[Extracted data entries]

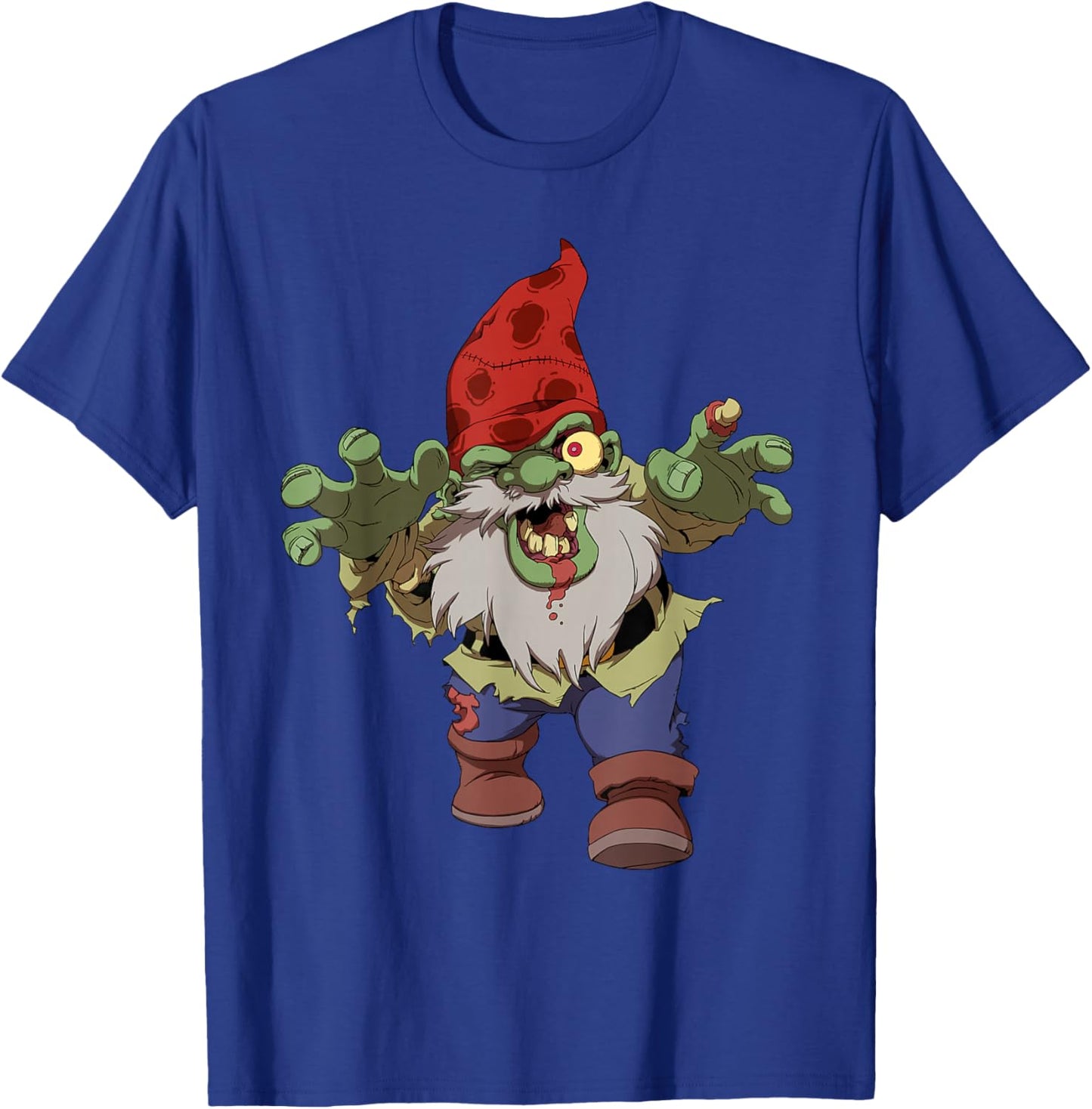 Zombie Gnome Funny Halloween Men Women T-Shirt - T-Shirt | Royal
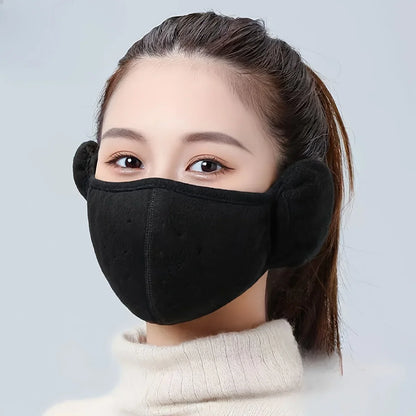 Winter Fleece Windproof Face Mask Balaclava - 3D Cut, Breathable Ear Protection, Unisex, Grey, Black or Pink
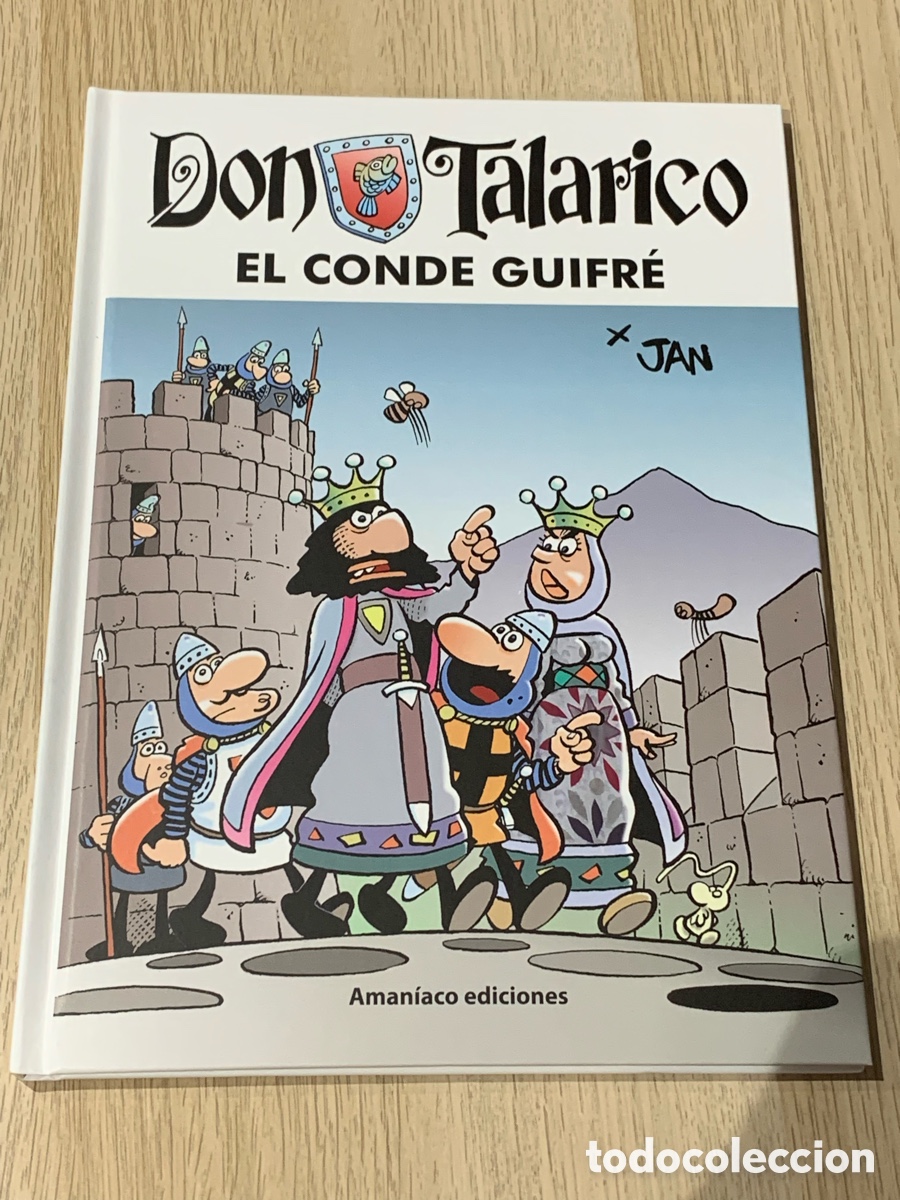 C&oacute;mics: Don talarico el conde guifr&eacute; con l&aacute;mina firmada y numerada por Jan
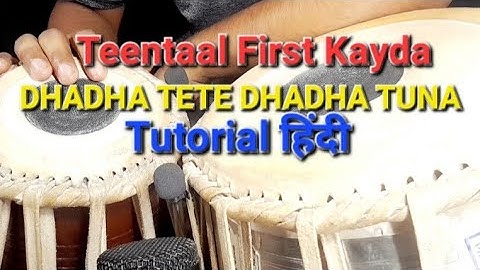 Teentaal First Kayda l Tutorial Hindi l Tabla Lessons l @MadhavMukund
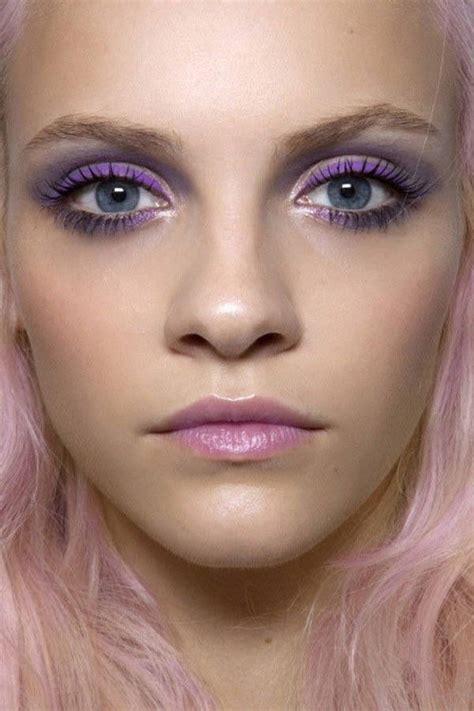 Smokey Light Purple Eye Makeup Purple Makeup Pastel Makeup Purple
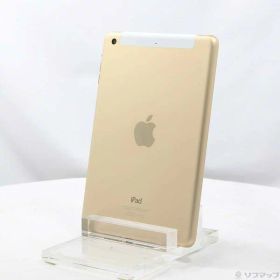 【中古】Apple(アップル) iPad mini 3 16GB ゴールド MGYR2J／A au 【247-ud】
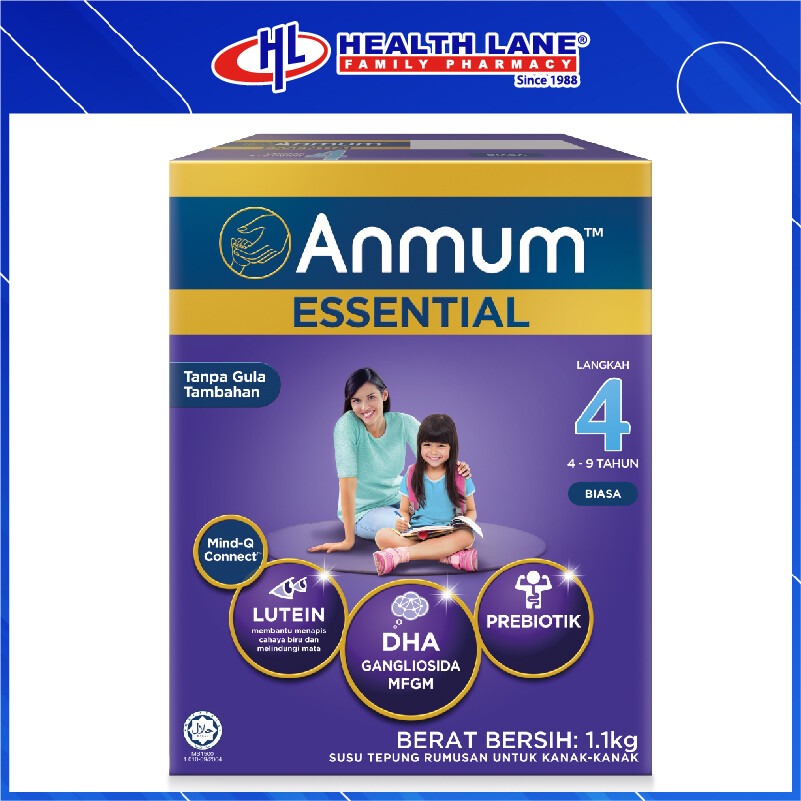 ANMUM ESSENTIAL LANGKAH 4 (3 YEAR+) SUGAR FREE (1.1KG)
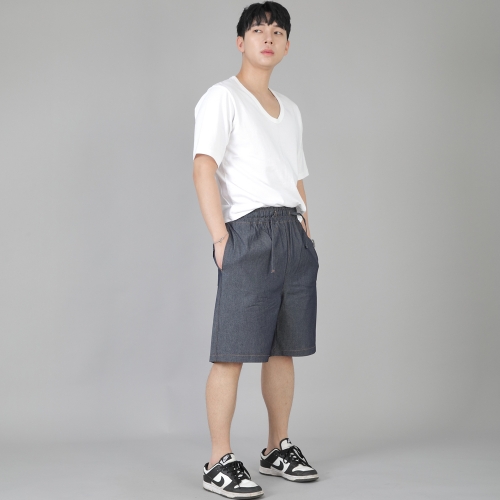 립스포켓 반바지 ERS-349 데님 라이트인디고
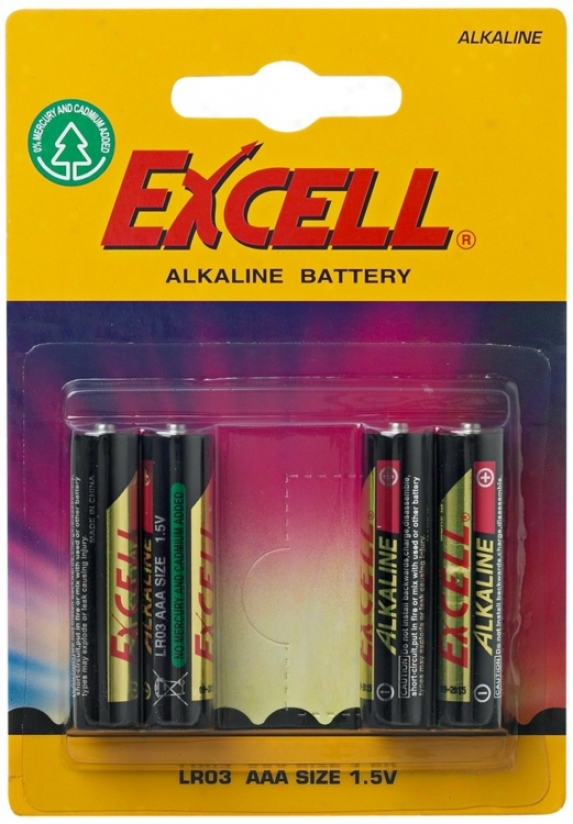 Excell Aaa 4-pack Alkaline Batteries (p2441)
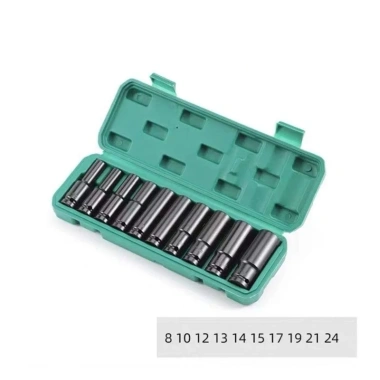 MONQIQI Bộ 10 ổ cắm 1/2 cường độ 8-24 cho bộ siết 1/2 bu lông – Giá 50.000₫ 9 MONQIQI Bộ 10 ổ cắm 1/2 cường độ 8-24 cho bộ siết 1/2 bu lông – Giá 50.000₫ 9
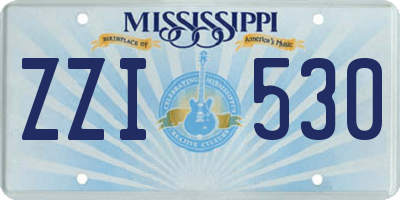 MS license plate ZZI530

### WHAT THE TASK REQUIRES:
Start at the line that contains "립스포켓 반바지 ERS-349 데님 라이트인디고" and retype every line through the end of the entries above, both ends included. Exclude all pictures.

### RESULT OF THE EXERCISE:
 립스포켓 반바지 ERS-349 데님 라이트인디고
 Excell Aaa 4-pack Alkaline Batteries (p2441)
 MONQIQI Bộ 10 ổ cắm 1/2 cường độ 8-24 cho bộ siết 1/2 bu lông – Giá 50.000₫ 9 MONQIQI Bộ 10 ổ cắm 1/2 cường độ 8-24 cho bộ siết 1/2 bu lông – Giá 50.000₫ 9
 MS license plate ZZI530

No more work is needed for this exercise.